D’abord, il faut appliquer le règlement parasismique en vigueur. Ensuite, compte tenu du fait que les habitants des zones rurales n’ont pas suffisamment de moyens pour se faire accompagner par des hommes de l’art, il faut dans un premier temps largement vulgariser les dispositions constructives à adopter pour que les constructions en terre et matériaux traditionnels puissent supporter les sollicitations sismiques modérées. Il faut notamment faire comprendre aux habitants qu’il faut limiter le nombre de niveaux des constructions. Parce que dans une zone reconnue pour sa sismicité, il faut se contenter d’ériger des constructions simples, c’est-à-dire un rez-de-chaussée ou tout au plus un rez-de-chaussée plus un. Il faut aussi respecter certaines exigences sur les murs, notamment les épaisseurs et les hauteurs. Il faut également ceinturer les constructions par des chaînages horizontaux. Il s’agit aussi de montrer aux habitants de ces zones où estce qu’ils peuvent mettre des ouvertures, notamment les portes et les fenêtres. Et surtout, il faut que les planchers des constructions soient allégés. Généralement, les habitants de ces zones mettent des planchers constitués de matériaux traditionnels, souvent des rondins en bois recouverts de roseaux et de la terre au-dessus. Et ils procèdent à l’entretien de ce plancher par ajout de terre, ce qui l'alourdit et le rend vulnérable en cas de sollicitations parasismiques. D’ailleurs, on constate que la plupart des victimes de séisme dans ces zones meurent par asphyxie que par autre chose.

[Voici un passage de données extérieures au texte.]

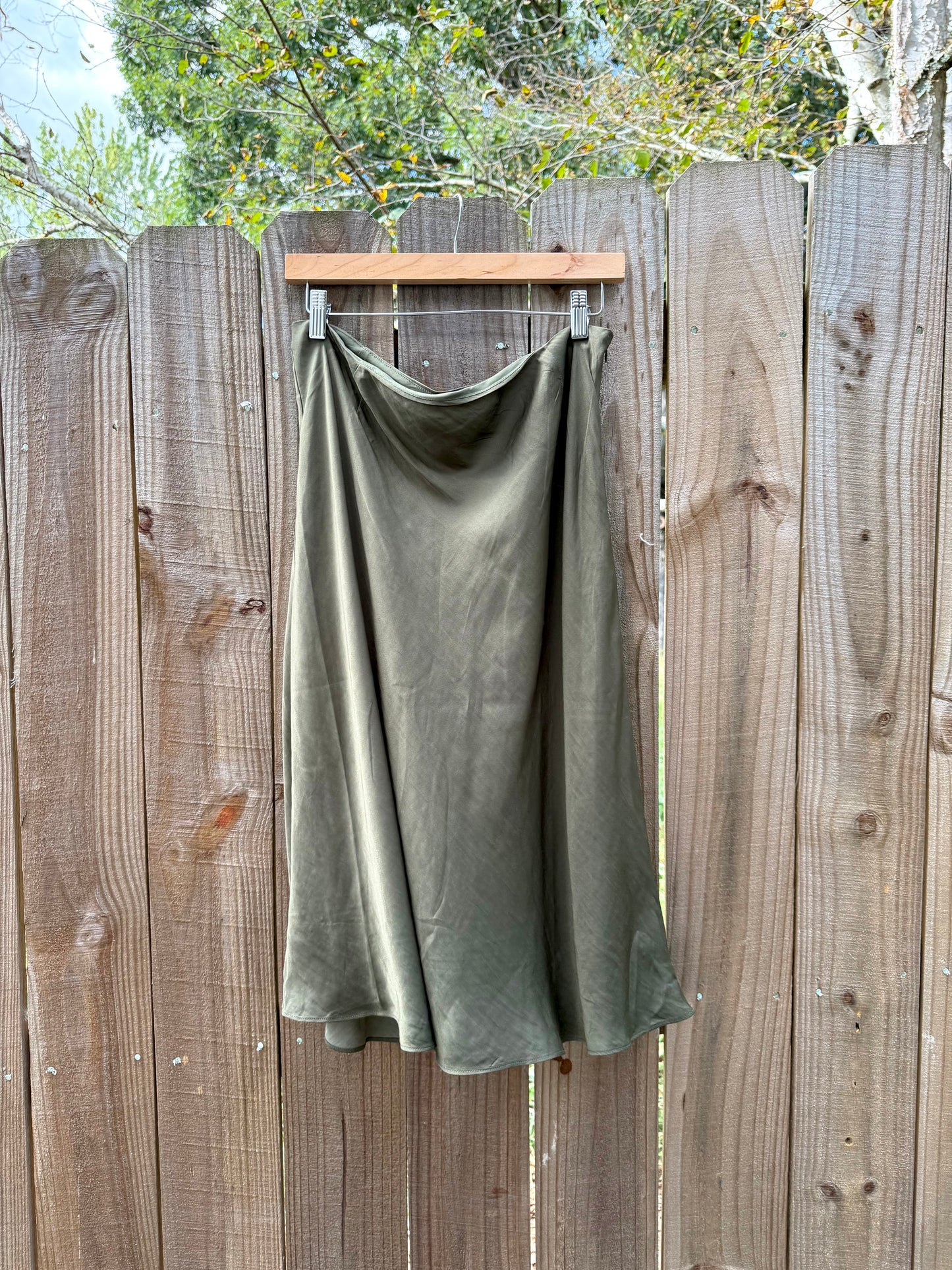 Halston Olive Slip Skirt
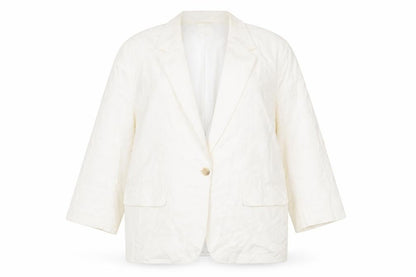 H&M Women’s Ivory Linen Blend Blazer Jacket XL Regular Fit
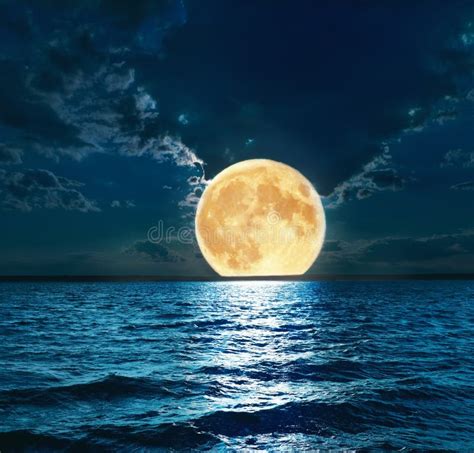 Super Moon Over Water Stock Image Image Of Fantasy Midnight 61268105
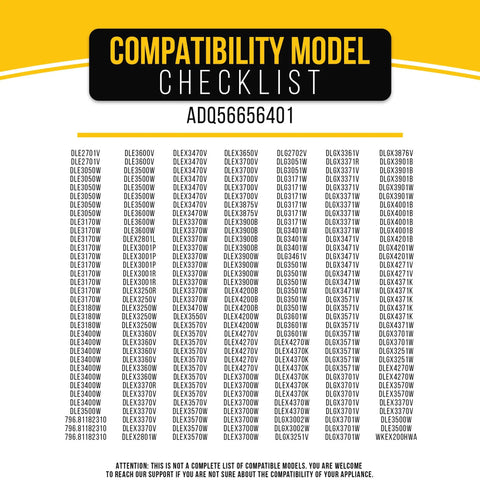 Compatibility model checklist showing dryer models for Dryer Lint Trap Screen Replacement for LG and Kenmore Elite Dryers Fits DLE3170W.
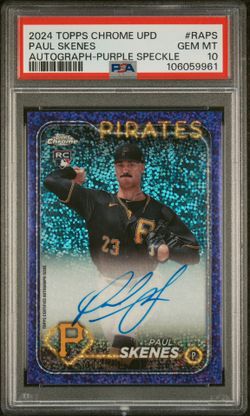 2024 TOPPS CHROME UPDATE CHROME BASEBALL UPDATE SERIES AUTOGRAPHS #RAPS PAUL SKENES AUTOGRAPH-PURPLE SPECKLE /299 PSA 10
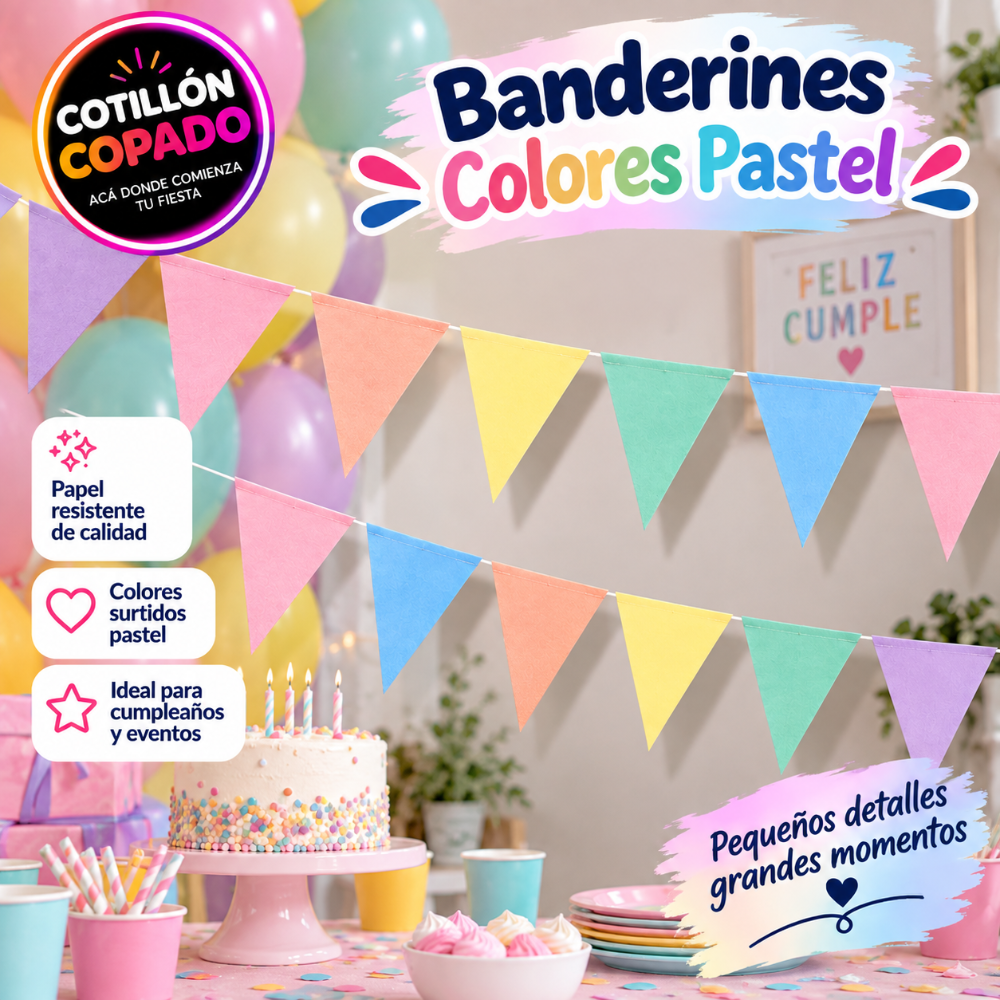 BANDERIN DE PAPEL PASTEL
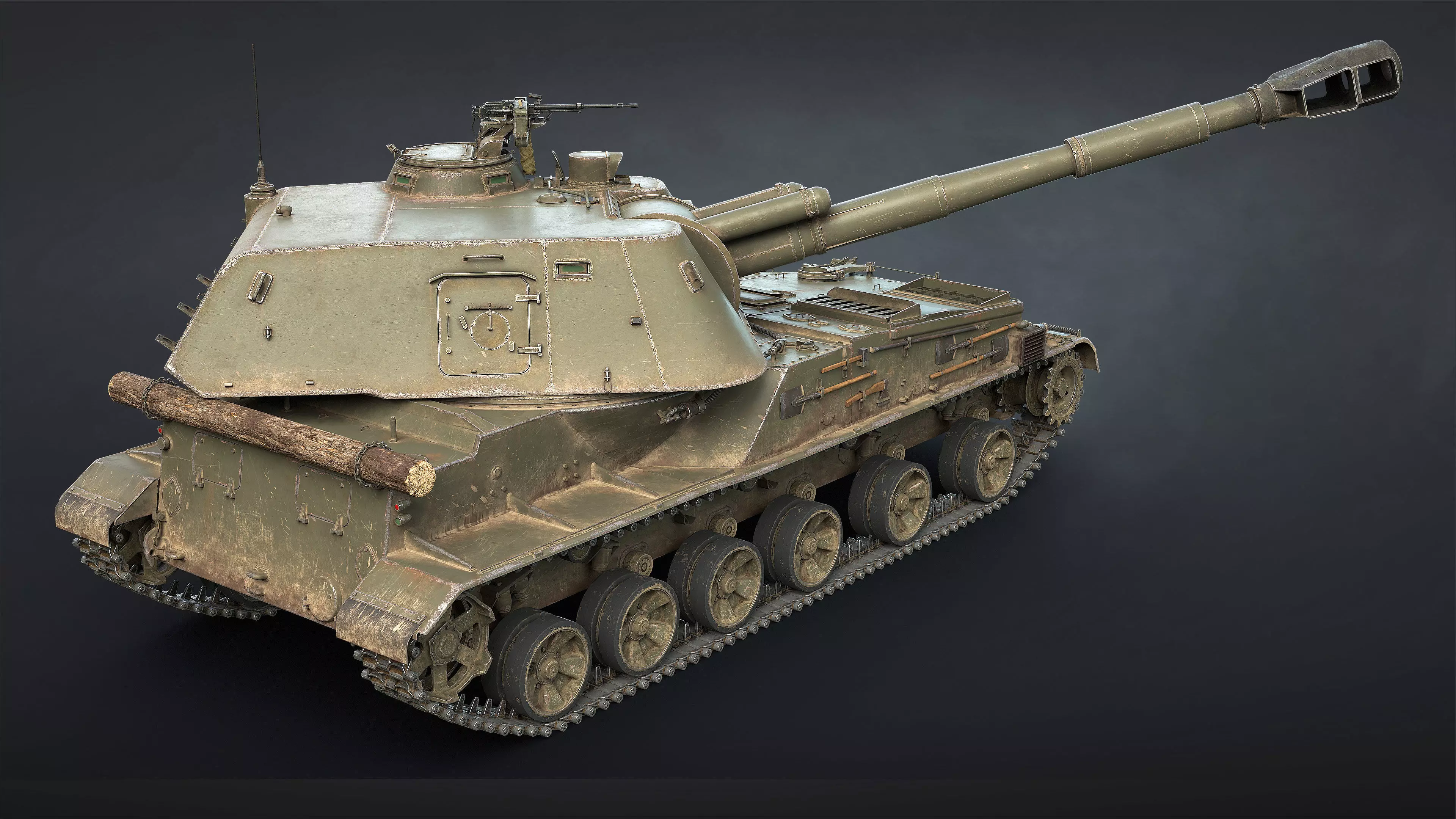 2S3 Akatsiya Self-Propelled Howitzer Game Ready Low-poly 3D model_4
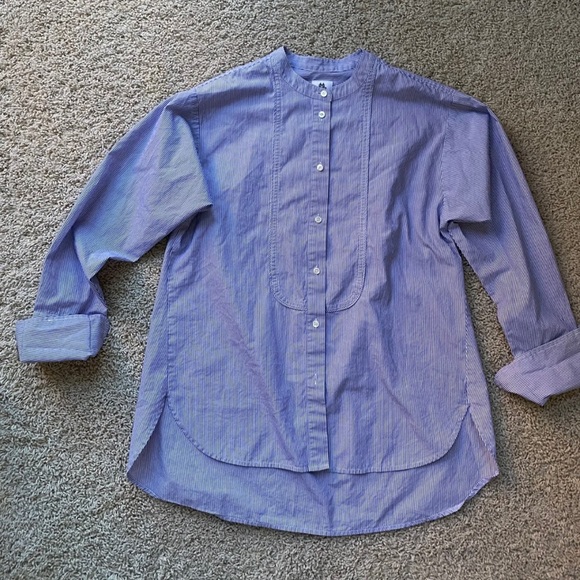 J. Crew Tops - J.Crew Blue White Stripe Blouse Tuxedo Style Front Cuffs Size 4 Thomas Mason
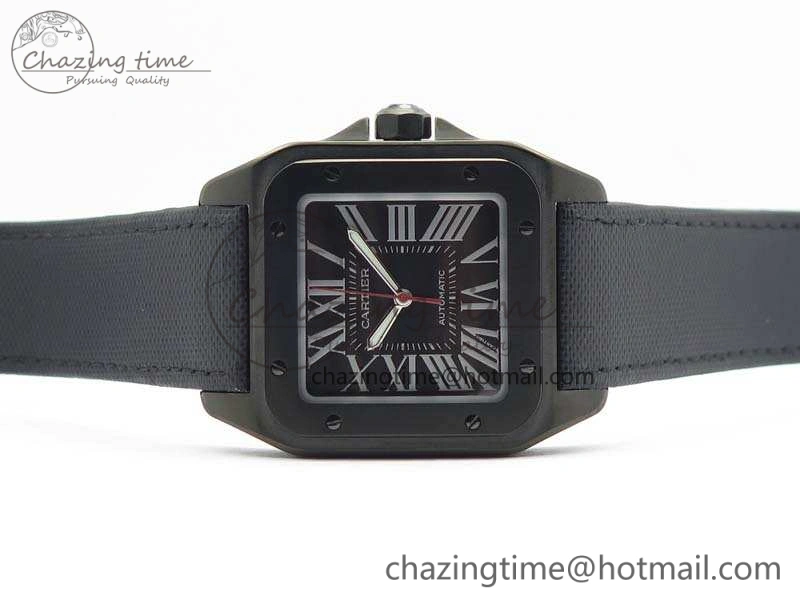 Affordable Santos 100 DLC V6F 1:1 Best Edition Black Dial On Black Nylon Strap A1847 MC 6264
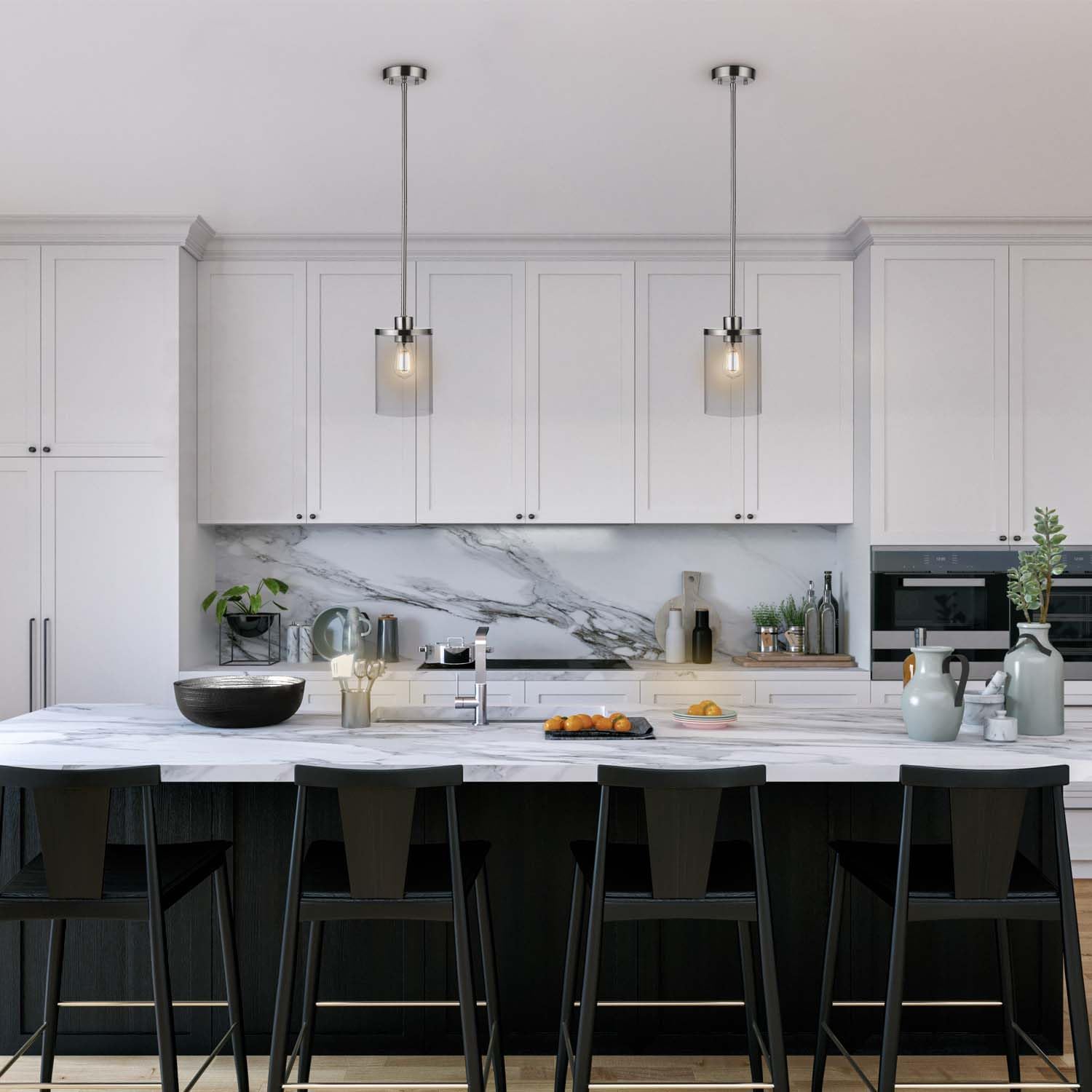 Globe Electric Bellevue Single Light 5.9" Wide Pendant Light, Brushed Nickel, Clear Glass Shade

F.N.H. : Que recommandez-vous aux habitants des zones sismiques reculées qui veulent reconstruire ?
M. E. : Nous sommes en automne et l’hiver approche, synonyme de baisse des températures et de pluies. Autant dire que nous devons reconstruire le plus rapidement possible. Et pour ce faire, il faut se baser sur ce qui existe déjà, en utilisant des matériaux conventionnels pour leur rapidité de mise en œuvre, et en reconstruisant suivant les typologies des constructions locales. On peut par exemple construire la structure de façon conventionnelle, et pour ce qui est de l’habillage, on peut utiliser les matériaux locaux de performances mécaniques acceptables.